PROMPT:
Find the line holding "0349 Grossiste Turquie Petshop - 3" in the entries below. Give it again exactly, along with every line after it up to and including the line holding "BMW X3 xDrive 20dA Wit - thumbnail 14".

DATASET EXTRACT:
- Opening Delimiter -

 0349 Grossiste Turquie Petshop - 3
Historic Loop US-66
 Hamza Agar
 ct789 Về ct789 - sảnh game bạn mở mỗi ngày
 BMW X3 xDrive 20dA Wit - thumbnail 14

- Closing Delimiter -
- Opening Delimiter -

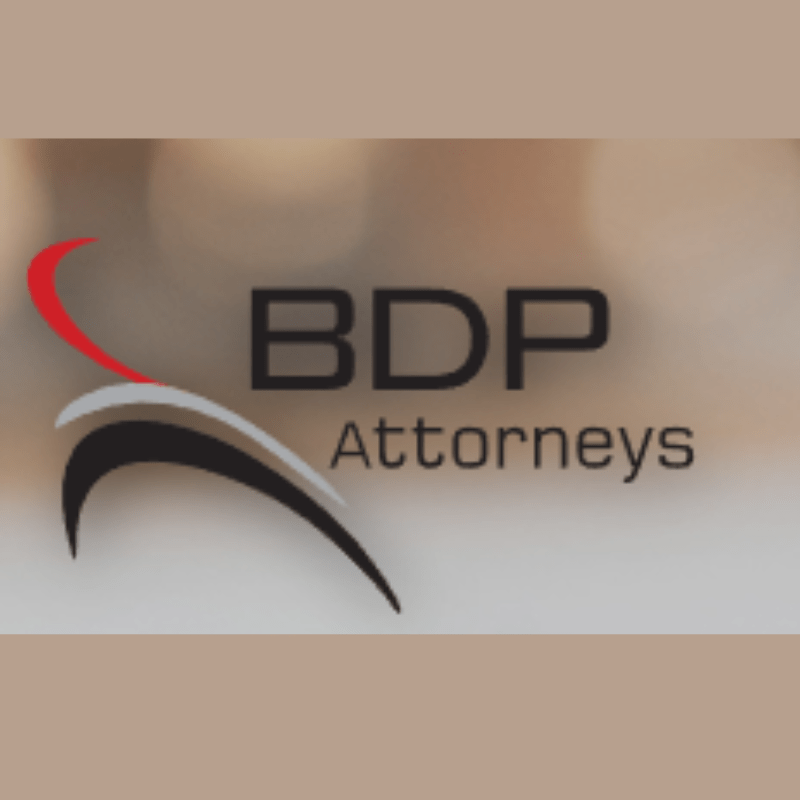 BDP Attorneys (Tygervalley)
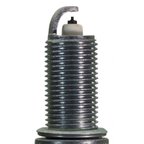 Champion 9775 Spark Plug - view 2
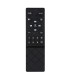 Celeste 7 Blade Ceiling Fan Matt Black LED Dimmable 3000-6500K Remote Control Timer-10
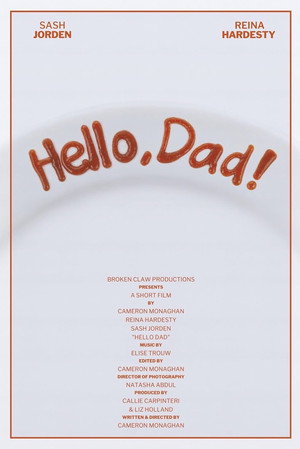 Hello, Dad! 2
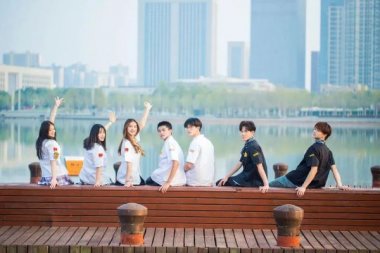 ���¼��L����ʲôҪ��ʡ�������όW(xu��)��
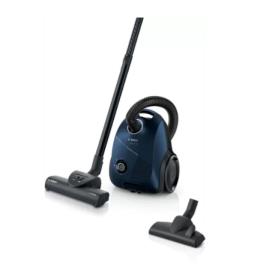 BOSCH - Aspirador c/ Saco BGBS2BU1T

- Closing Delimiter -

SOLUTION FOR THIS EXERCISE:
 0349 Grossiste Turquie Petshop - 3
Historic Loop US-66
 Hamza Agar
 ct789 Về ct789 - sảnh game bạn mở mỗi ngày
 BMW X3 xDrive 20dA Wit - thumbnail 14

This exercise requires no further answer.